Most common position in a pipeline	Before a `DocumentWriter` in an indexing pipeline
Mandatory init variables	"api_key": API key for the NVIDIA NIM. Can be set with `NVIDIA_API_KEY` env var.
Mandatory run variables	“documents”: A list of documents
Output variables	“documents”: A list of documents (enriched with embeddings) ”meta”: A dictionary of metadata
API reference	Nvidia
GitHub link	https://github.com/deepset-ai/haystack-core-integrations/tree/main/integrations/nvidia

Overview

NvidiaDocumentEmbedder enriches the metadata of documents with an embedding of their content.

It can be used with self-hosted models with NVIDIA NIM or models hosted on the NVIDIA API catalog.

To embed a string, use the NvidiaTextEmbedder.

Usage

To start using NvidiaDocumentEmbedder, first, install the nvidia-haystack package:

pip install nvidia-haystack

You can use the NvidiaDocumentEmbedder with all the embedder models available on the NVIDIA API catalog or using a model deployed with NVIDIA NIM. Follow the Deploying Text Embedding Models guide to learn how to deploy the model you want on your infrastructure.

On its own

To use LLMs from the NVIDIA API catalog, you need to specify the correct api_url and your API key. You can get your API key directly from the catalog website.

The NvidiaDocumentEmbedder needs an Nvidia API key to work. It uses the NVIDIA_API_KEY environment variable by default. Otherwise, you can pass an API key at initialization with api_key, as in the following example.

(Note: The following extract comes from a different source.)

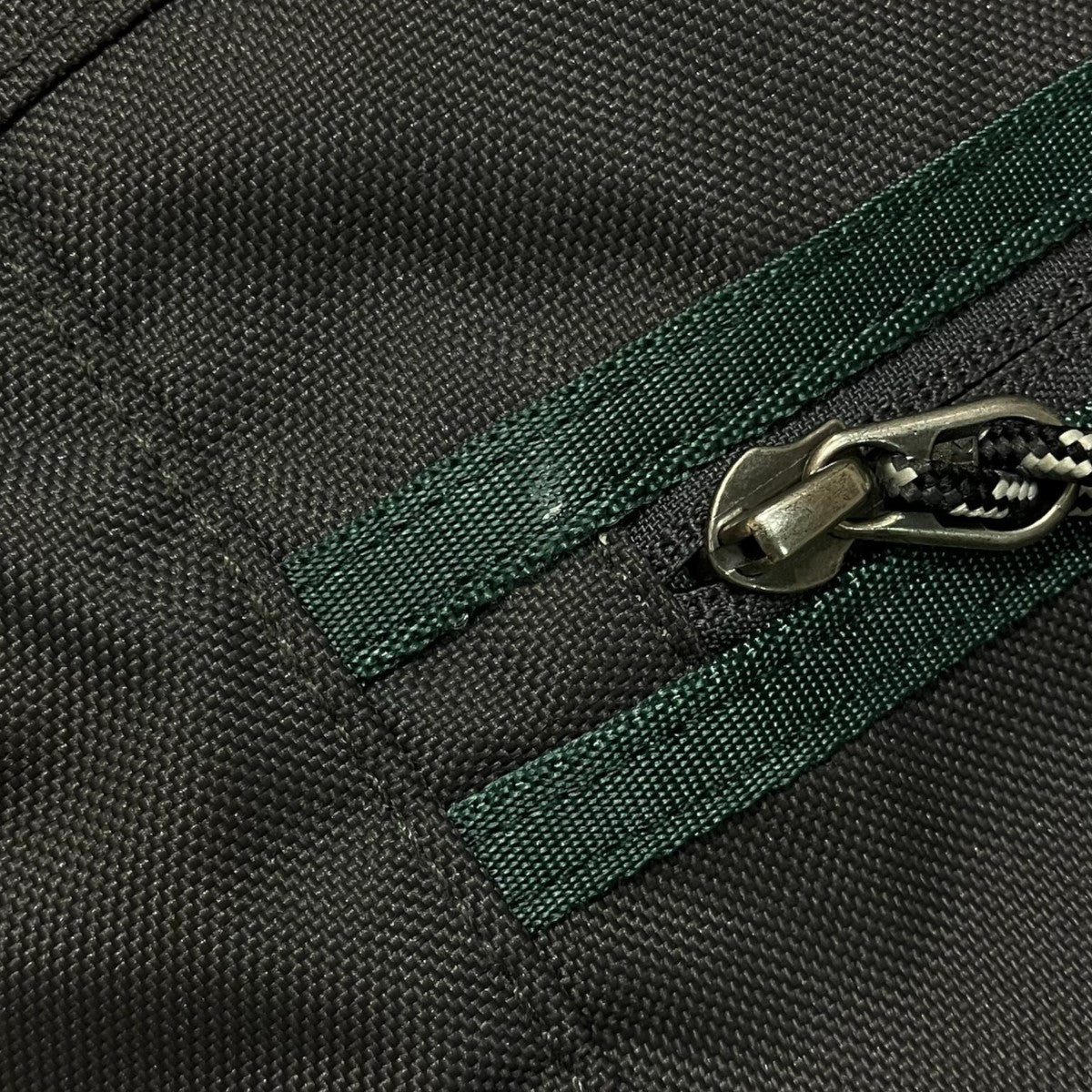 Patagonia バックパック 古着・中古-6枚目のアイテム画像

from haystack.utils.auth import Secret
from haystack_integrations.components.embedders.nvidia import NvidiaDocumentEmbedder

embedder = NvidiaDocumentEmbedder(
    model="NV-Embed-QA",
    api_url="https://ai.api.nvidia.com/v1/retrieval/nvidia",
    api_key=Secret.from_token("<your-api-key>"),
)
embedder.warm_up()

result = embedder.run("A transformer is a deep learning architecture")
print(result["embedding"])
print(result["meta"])

To use a locally deployed model, you need to set the api_url to your localhost and unset your api_key.

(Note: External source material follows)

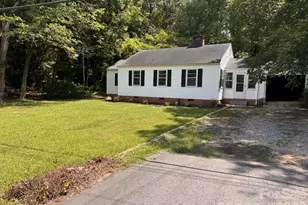 1250 Hampton Grace Ave, Lancaster, SC 29720 - Photo 2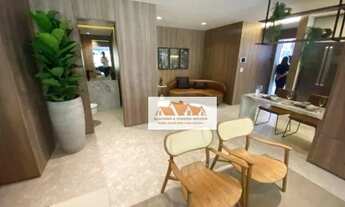 Imagem 2: Ipiranga Apartamento A Venda 3 Dormitorios 79m² 1 Vaga Novo E Lazer Completo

from haystack_integrations.components.embedders.nvidia import NvidiaDocumentEmbedder

embedder = NvidiaDocumentEmbedder(
    model="NV-Embed-QA",
    api_url="http://0.0.0.0:9999/v1",
    api_key=None,
)
embedder.warm_up()

result = embedder.run("A transformer is a deep learning architecture")
print(result["embedding"])
print(result["meta"])

In a pipeline

Here's an example of a RAG pipeline:

from haystack import Pipeline, Document
from haystack.document_stores.in_memory import InMemoryDocumentStore
from haystack_integrations.components.embedders.nvidia import NvidiaTextEmbedder, NvidiaDocumentEmbedder
from haystack.components.retrievers.in_memory import InMemoryEmbeddingRetriever

document_store = InMemoryDocumentStore(embedding_similarity_function="cosine")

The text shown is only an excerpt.